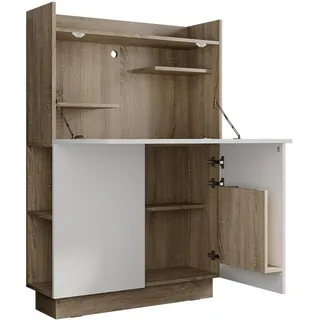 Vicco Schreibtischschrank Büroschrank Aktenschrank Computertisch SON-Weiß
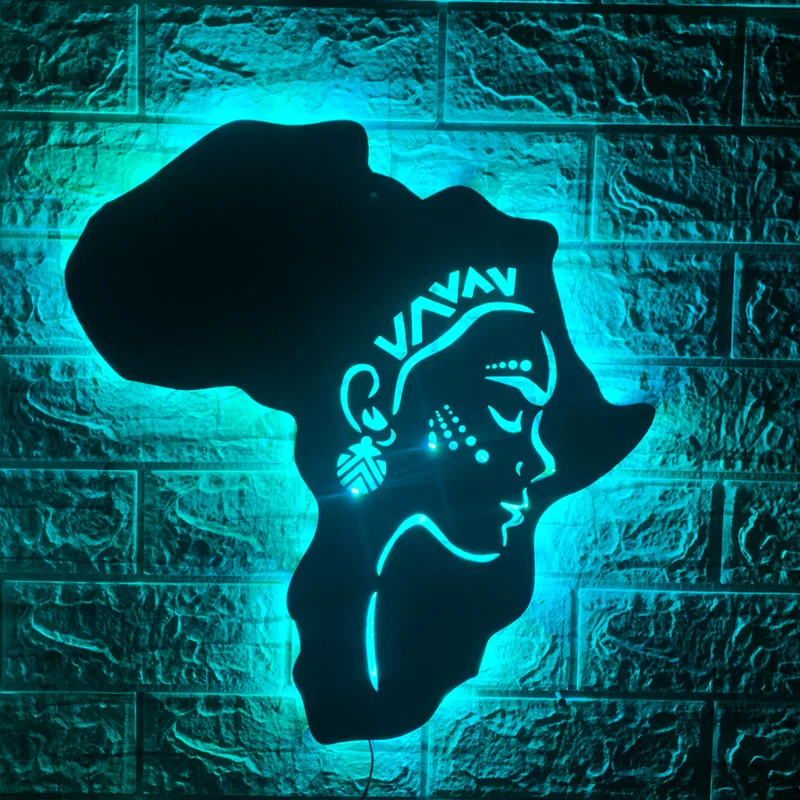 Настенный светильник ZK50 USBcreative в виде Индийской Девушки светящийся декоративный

==

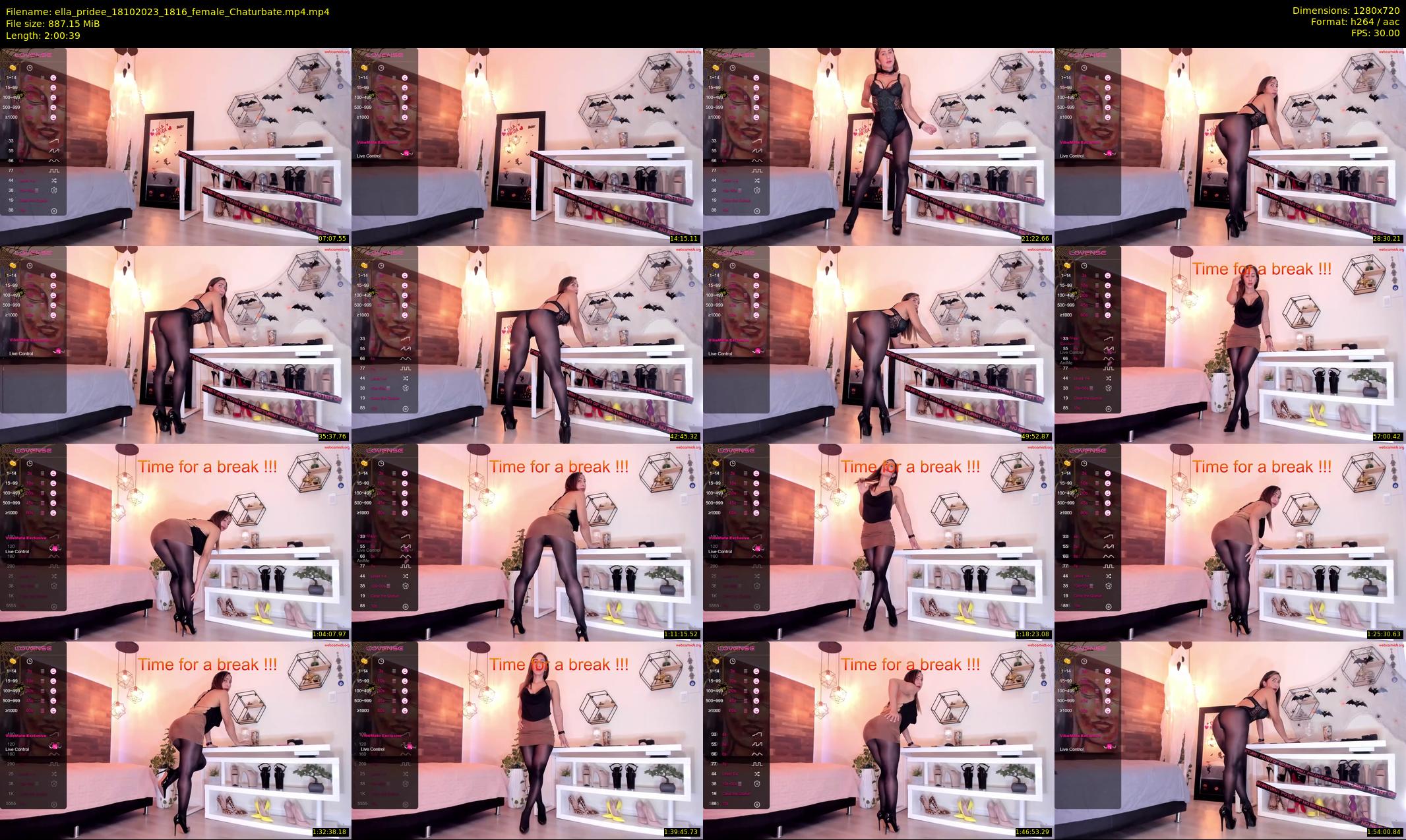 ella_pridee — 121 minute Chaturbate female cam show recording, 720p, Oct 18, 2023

--- What is needed ---
The copy should hold only the lines from the one with "Vicco Schreibtischschrank Büroschrank" through the one with "Настенный светильник ZK50", exactly as they stand above. Leave out the pictures.

--- Solution for this task ---
 Vicco Schreibtischschrank Büroschrank Aktenschrank Computertisch SON-Weiß
 Настенный светильник ZK50 USBcreative в виде Индийской Девушки светящийся декоративный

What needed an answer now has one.